Cette fois c'était la bonne. Elle le vit devenir plus pâle, étouffer le brasier de son regard pour y retrouver une lumière morne. Elle l'avait atteint dans son refus comme elle même s'était abîmée a dire non. Mais c'était un non salvateur. Pour ses sentiments trop facilement malmenés et pour tout ce qui faisait qu'elle était elle. Le choix des armes avant le choix des hommes.
Le choix d'une guerrière avant le choix d'une femme.

Elle savait que c'était terminé. Elle lui laissa le temps de se retourner puis de la regarder de tout son orgueil blessé. Elle pouvait y lire tous les reproches qu'il ne formulerait pas. Elle avait osé là où une femme n'aurait dû qu’acquiescer. C'était mieux ainsi. Elle n'était pas une femme, elle était une Skjaldmö.
Tous ses muscles étaient tendus, comme prêts pour la fuite.

Enfin, le maréchal parla pour lui adresser un dernier ordre, des mots dis a toute vitesse comme si cela lui écorchait la langue. D'un signe de tête, Solveig approuva et se leva a son tour. Faisant face au belliferien. Debout tous les deux, le Harnois était plus grand. Mais se redressant de toute sa hauteur, la jeune femme, fit front, sentant que c'était la dernière fois qu'elle en aurait l'occasion, de lui montrer qui elle était.
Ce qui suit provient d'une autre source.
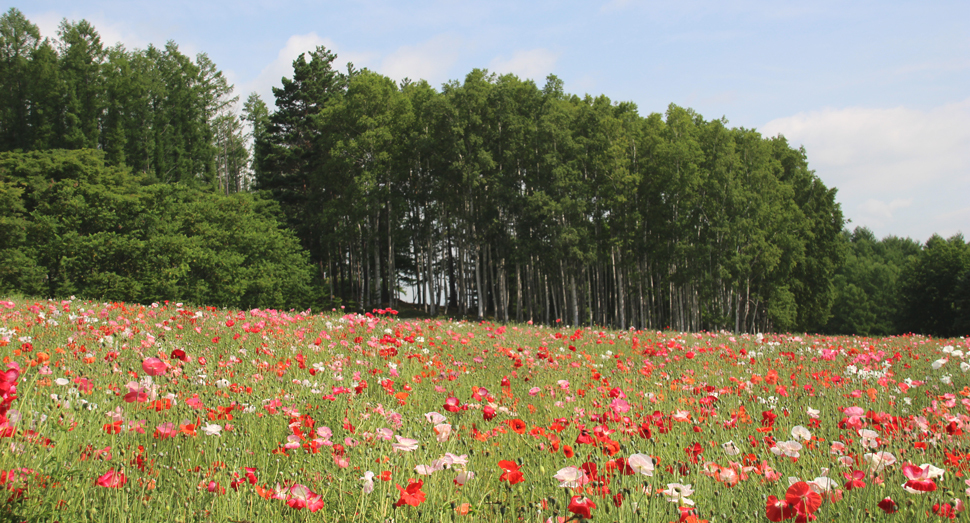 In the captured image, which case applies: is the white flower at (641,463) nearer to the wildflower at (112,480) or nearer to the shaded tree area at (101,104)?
the wildflower at (112,480)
Son casque sous le bras, cette fois ci, elle s'en coiffa délibérément, rejetant en arrière ses cheveux qui cascadèrent le long de sa nuque pour retomber sur son armure.
Un dernier poing sur sa poitrine et Solveig salua, avant de faire demi tour le visage fermé non sans avoir jetté un dernier regard au visage crispé.
Elle n'entendit que le son de ses bottes marteler le sol alors qu'elle luttait pour dénouer sa gorge serrée.
Franchissant enfin les pans de la tente, la jeune femme prit la peine de s'arrêter à la hauteur du garde qui tenait l'entrée.

Elle se contenta d'un regard froid et plein de morgue, le bleu de ses yeux virant à l'orage. Si elle n'avait pas réussi a dire un mot de plus au maréchal, elle réussit à sortir un filet de voix rauque pour lui.

« Pas un mot. »

L'ordre ne venait de nul part. Elle n'était ni son supérieur ni de son unité. Mais il était intraitable. Si la moindre rumeur revenait à ses oreilles concernant cette discussion, elle se promettait de faire de lui sa priorité.
Détachant son regard de lui comme si il n'existait déjà plus, la jeune femme s'en alla. Droit vers le seul qui la verrait pleurer sans qu'aucune larme ne sorte de ses yeux. Déterminée à tout oublier, si exténuée que pour une fois, son sommeil serait sans rêve.